For bonus points it should also present independant conflicts
separately. For instance currently I have a problem with a package that
depends on the mysql-client virtual package which is not provided by the
new mysql-client-5.6 package. Chances are this is totally independent
from the libstdc++6 conflicts. But the conflict resolution dialog
systematically shows all conflicts together, making figuring things out
much harder for the administrator, and also causes a combinatorial
explosion in the number of possible solutions.

This also leads me to wonder whether partitionning independent conflicts
could help find solutions using less CPU and memory (though here the
libstdc++6 issue alone seems to be enough to cause memory usage to
explode).

#373846#63
Date:
2016-11-14 08:17:06 UTC
From:
To:
Please fix that issue, or at least make aptitude detect and quit by itself.

It's only a matter of luck whether I catch the cronjob in time, or whether
I have to wait for an hour for the server to come back (alternatively,
I can spend ~15 minutes on the serial line to get a chance to kill it by
hand).

      PID USER      PR  NI    VIRT    RES    SHR S  %CPU %MEM     TIME+ COMMAND
    10649 root      20   0 18,881g 0,014t  18296 S   0,0 61,6  38:55.96 aptitude -y -s -v safe-upgrade

#373846#68
Date:
2020-03-28 14:49:42 UTC
From:
To:
Dear Maintainer,

   * What led up to the situation?

Some unknown sequence of packages slowly being installed and perhaps
getting broken over time?  It only showed up when I started trying to
install libpcl-dev:i386, but now aptitude is stuck trying to resolve
dependencies.  Nothing I can do seems to be able to stop it; that is, if
I kill aptitude and start it again, it just starts over trying to
resolve dependencies.  If I try to use the "Cancel pending actions",
aptitude dies with a segfault (I will open a separate bug for this
specific behavior).

   * What exactly did you do (or not do) that was effective (or
     ineffective)?

Nothing was effective.  Killing and restarting aptitude had no effect.
"Cancel pending actions" led to a SIGSEGV and also had no positive
effect.

Based on the advice of closed bug #665794, I have used
aptitude-create-state-bundle; the file is 168 MB.  Kindly suggest where
to upload it.

Many thanks.

#373846#73
Date:
2024-05-07 17:09:05 UTC
From:
To:
I was out for a few days, and the large number of updates that's been happening in testing lately probably threw aptitude out of whack.

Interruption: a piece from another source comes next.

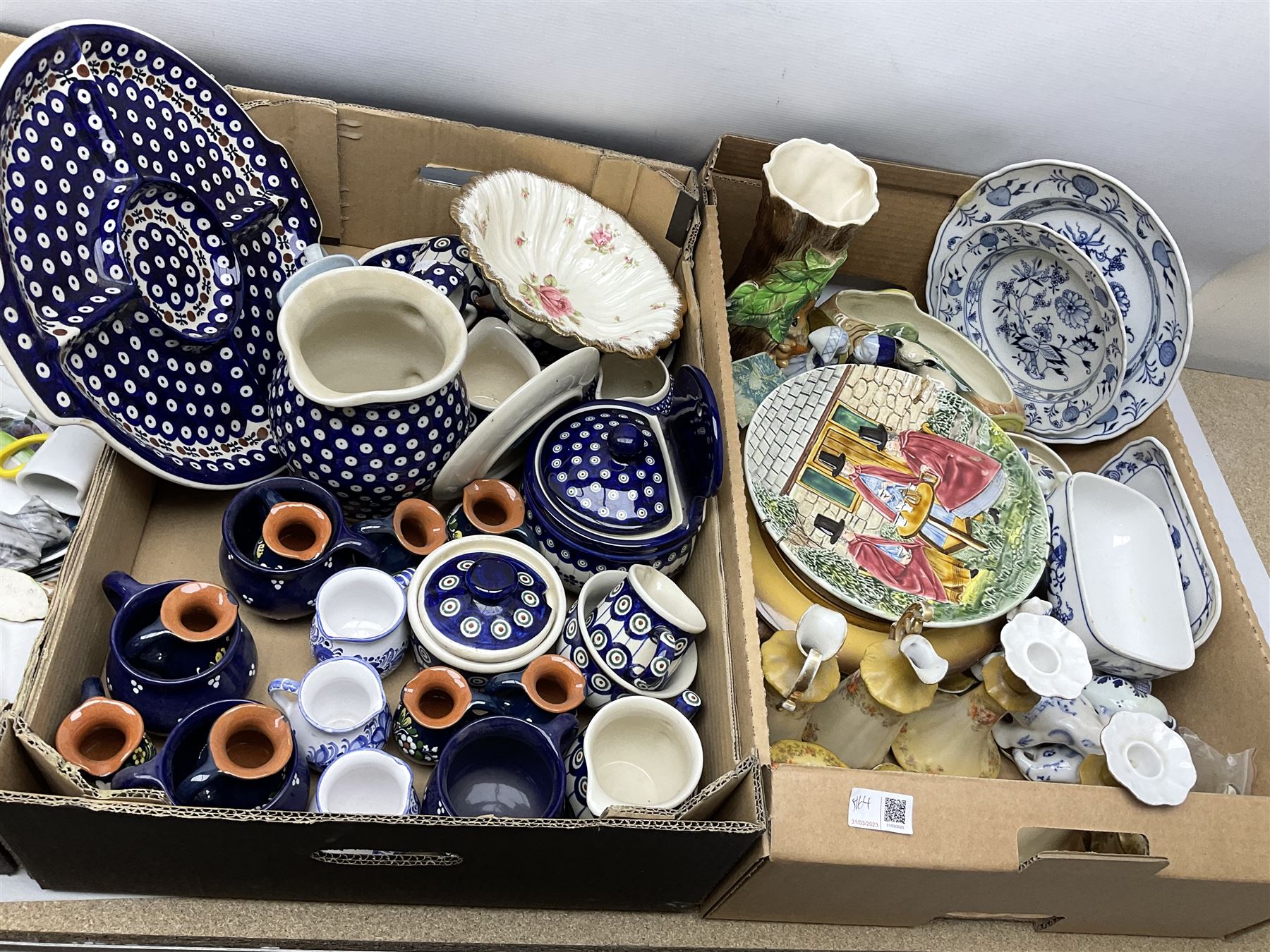 Collection of ceramics in four boxes to include two Meissen onion pattern blue and white plates - Image 4 of 8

I'm running testing (Trixie/sid), and trying to update using aptitude causes it to crash after running out of memory (I currently have 45G of swap, and I stopped it at 22G, with no sign of it slowing down).

Taking note of Message #10 in this bug, I pressed '*' while aptitude was labouring away, and the resulting file is attached (uncrunched, it's around 35M in size).